What you are asked to do >> Go to the line holding "UID labeling involves" in the data below and repeat it exactly, then each line after it up to and including the one holding "Men Ethnic Jacket Brown DW7 - Image 3". Omit pictures.

Input for this task >>
*** Begin section ***
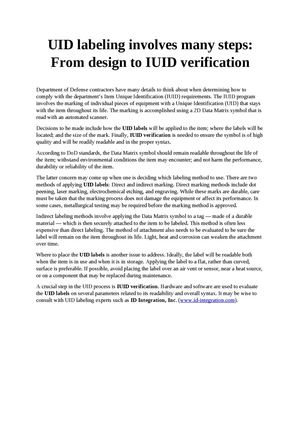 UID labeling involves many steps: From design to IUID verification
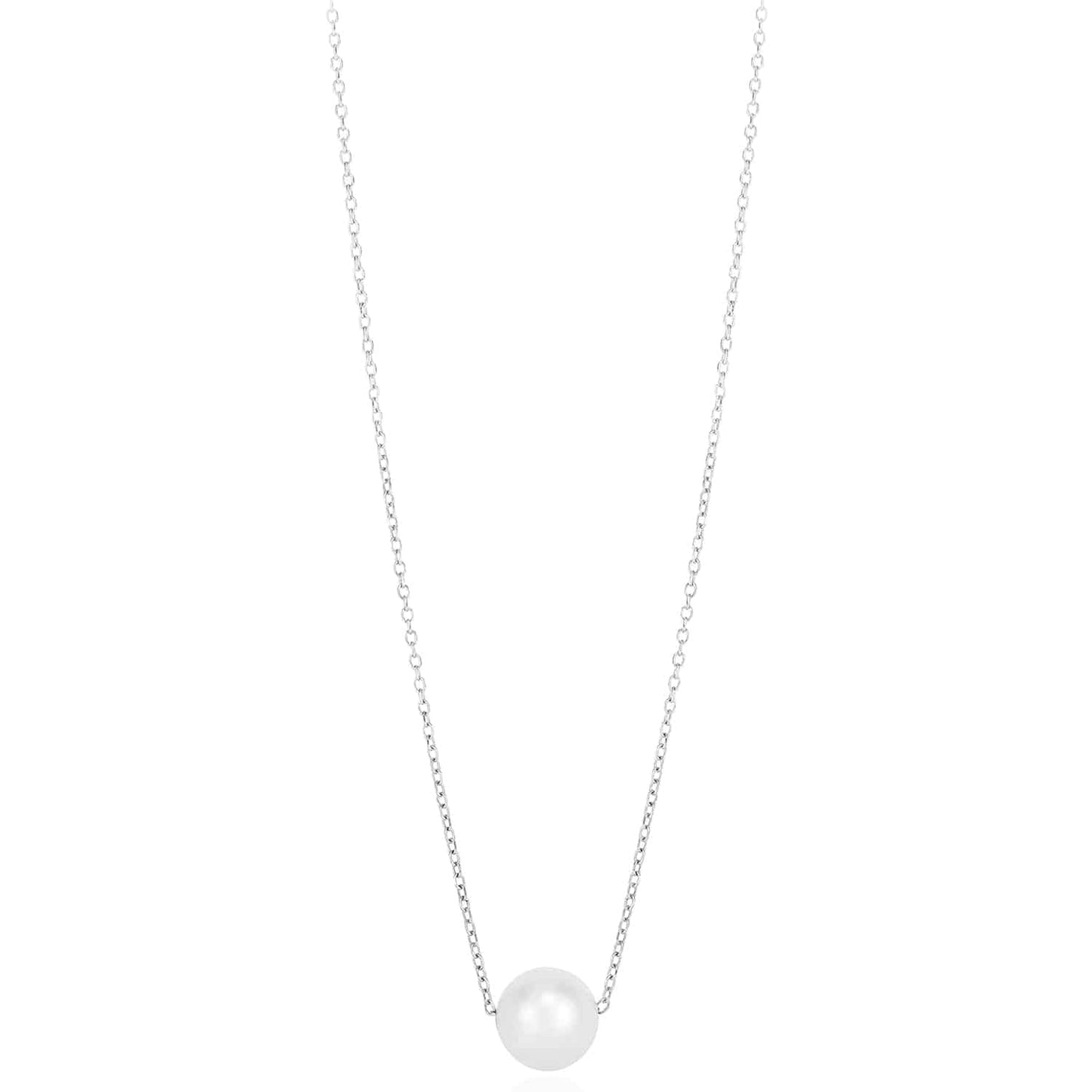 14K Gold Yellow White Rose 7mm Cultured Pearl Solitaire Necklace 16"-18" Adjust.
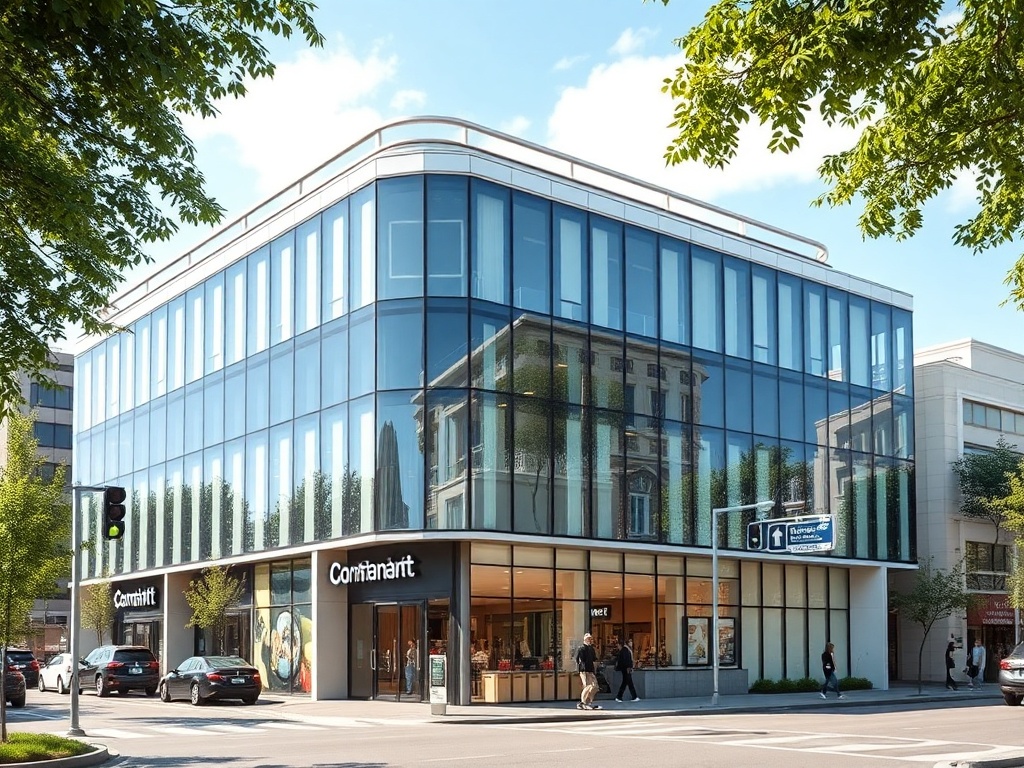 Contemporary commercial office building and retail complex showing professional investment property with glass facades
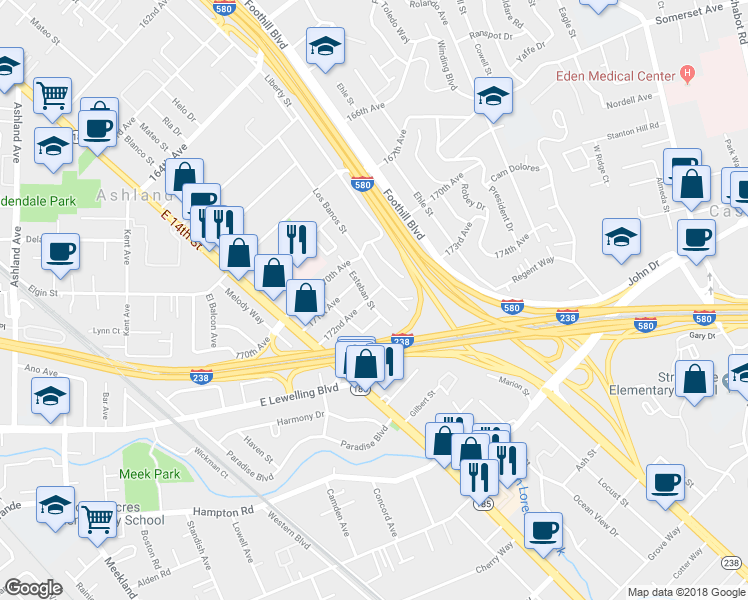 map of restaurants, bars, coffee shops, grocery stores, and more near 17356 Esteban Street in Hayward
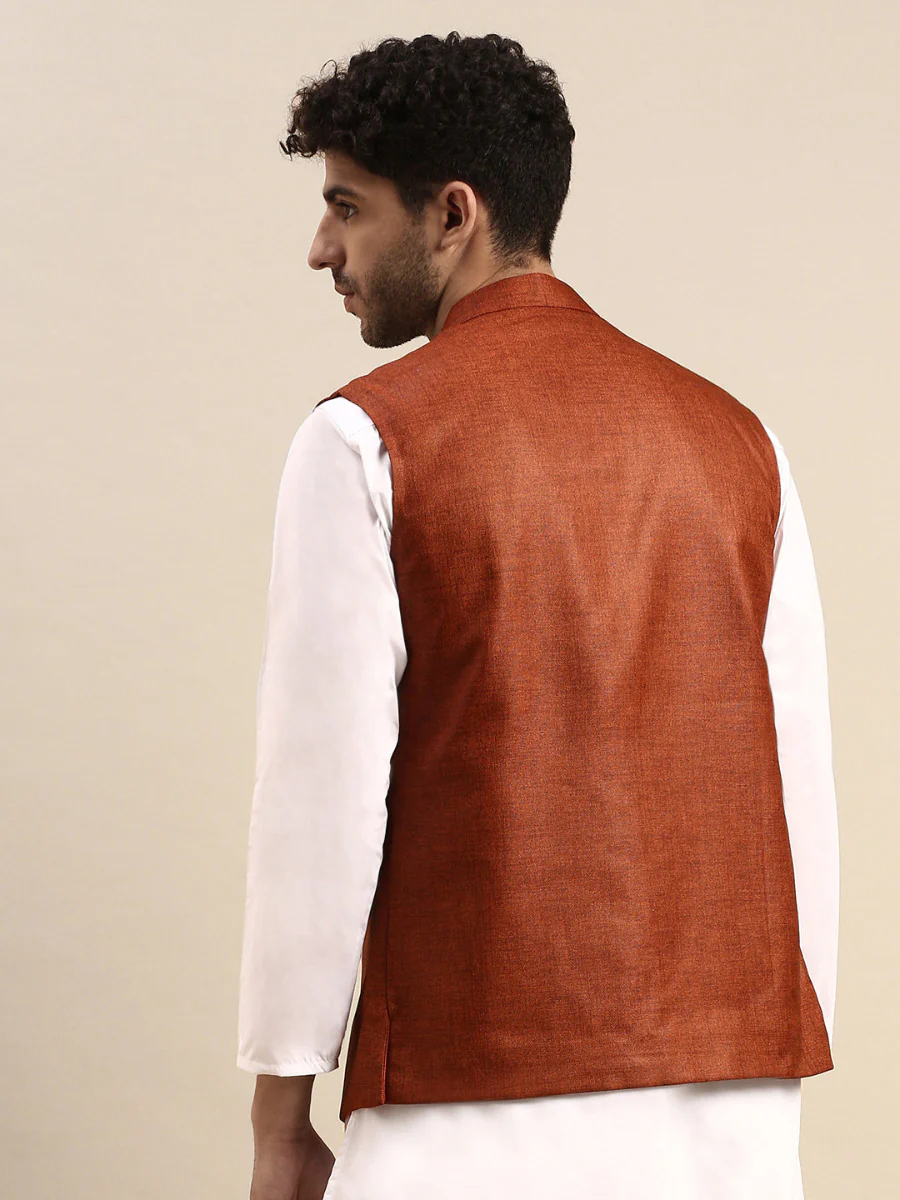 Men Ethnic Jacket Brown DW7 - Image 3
*** End section ***
*** Begin section ***
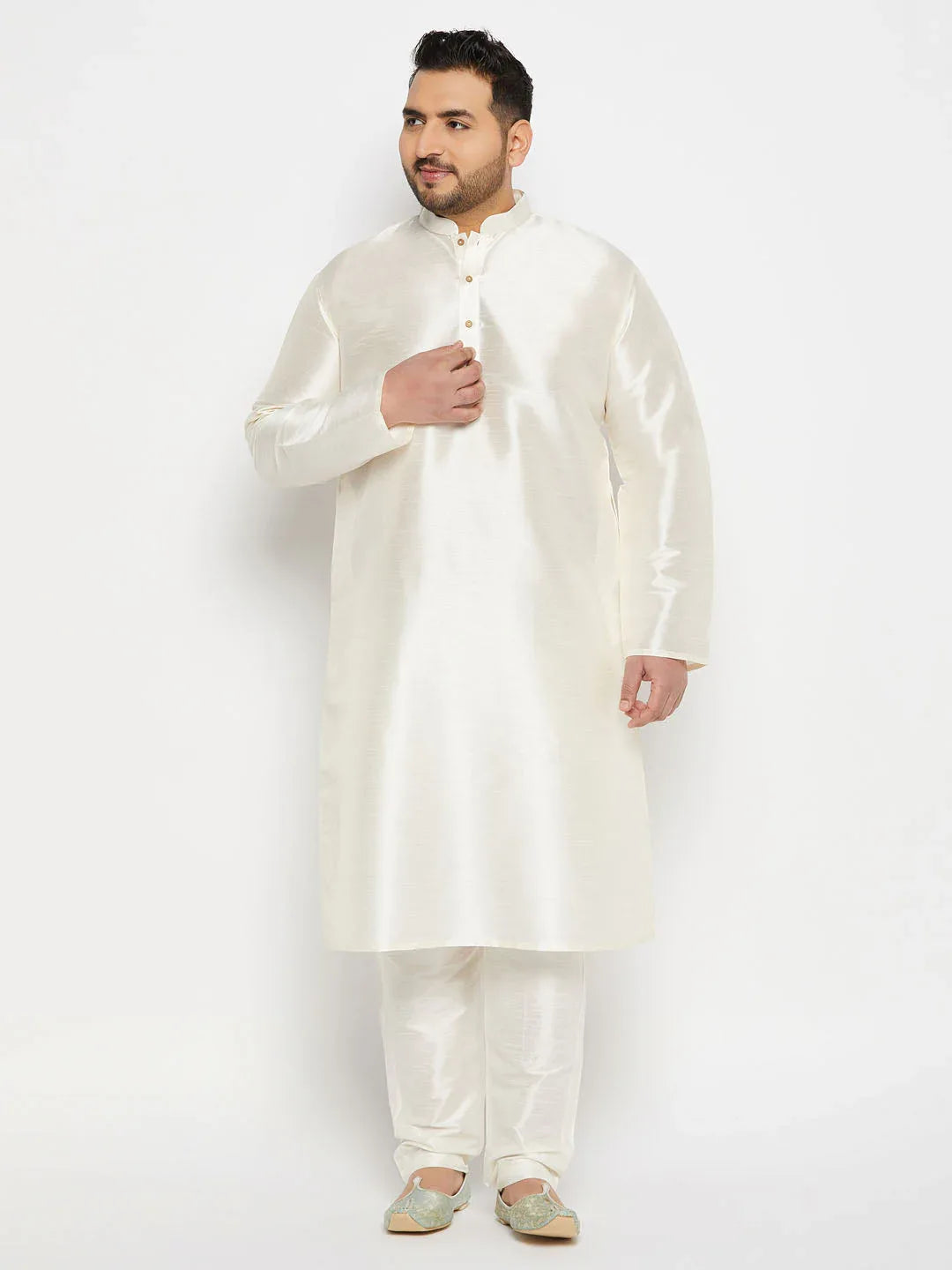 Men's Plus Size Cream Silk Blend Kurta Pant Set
*** End section ***
*** Begin section ***
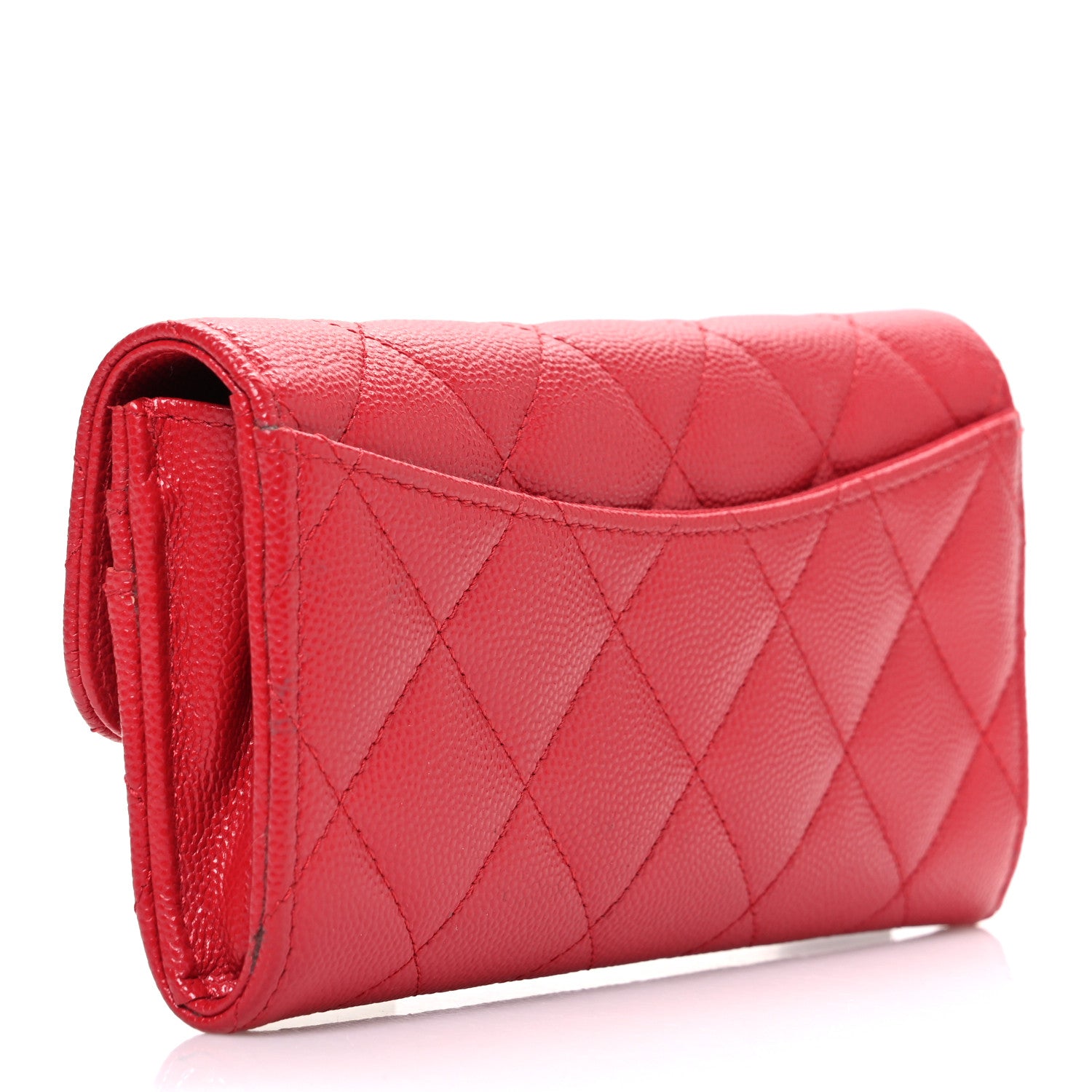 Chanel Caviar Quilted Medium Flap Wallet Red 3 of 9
*** End section ***
Expected answer >>
 UID labeling involves many steps: From design to IUID verification
 14K Gold Yellow White Rose 7mm Cultured Pearl Solitaire Necklace 16"-18" Adjust.
 Contemporary commercial office building and retail complex showing professional investment property with glass facades
 map of restaurants, bars, coffee shops, grocery stores, and more near 17356 Esteban Street in Hayward
 Men Ethnic Jacket Brown DW7 - Image 3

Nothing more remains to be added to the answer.